If an earthquake strikes in Peru, the rest of the world runs to their assistance. When an earthquake strikes right throughout the world, everybody runs to fight to get out from under the rubble. That is part of the reality that we face today and therefore, we as a community are challenged to command the attention of the world and see if we can get our voices heard above the noise and the rubble of this earthquake. Some of the aftershocks have not yet come. It is a challenge that we face.
We are challenged also to do everything that is possible to ensure that the leaders of the major countries of this world, in seeking to fix their problems, do not make our problems any worse than they are. There are issues that have already arisen, issues of offshore banking, and when we discussed the matter in Port of Spain recently, I got an appreciation of the full impact that this would have in smaller economies.

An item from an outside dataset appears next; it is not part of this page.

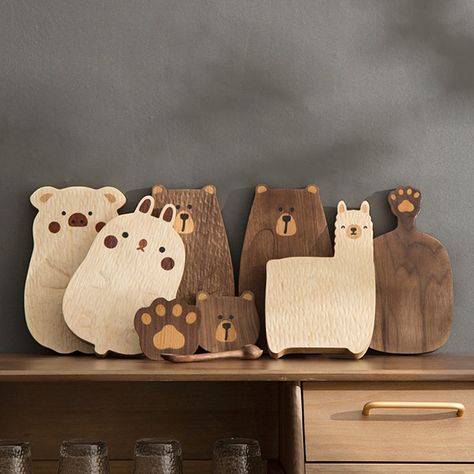 Wooden Kids Toys, Acrylic Animals, Bandsaw Projects, Handmade Wood Crafts, Wooden Chopping Boards, Wood Animal, Bear Illustration, Kids Wood, Small Wood Projects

And yet even in that we have to understand that this is an issue that will have to be dealt with, because there are genuine concerns that these offshore entities are in fact a means of avoiding taxes; that has to be addressed; and therefore we are going to have to, somehow, get through that particular concern of the major countries to say “we understand”.
When the United States, for example, is presenting a budget with a 12.3% deficit and Britain a 10 point odd per cent deficit, then collection of revenue becomes a ticklish issue and therefore their position has to be understood as well. We are going to have to be able to lay a case and say now, “Look, we know you have to take care of your problems, but remember the impact this will have on small economies, like our own.”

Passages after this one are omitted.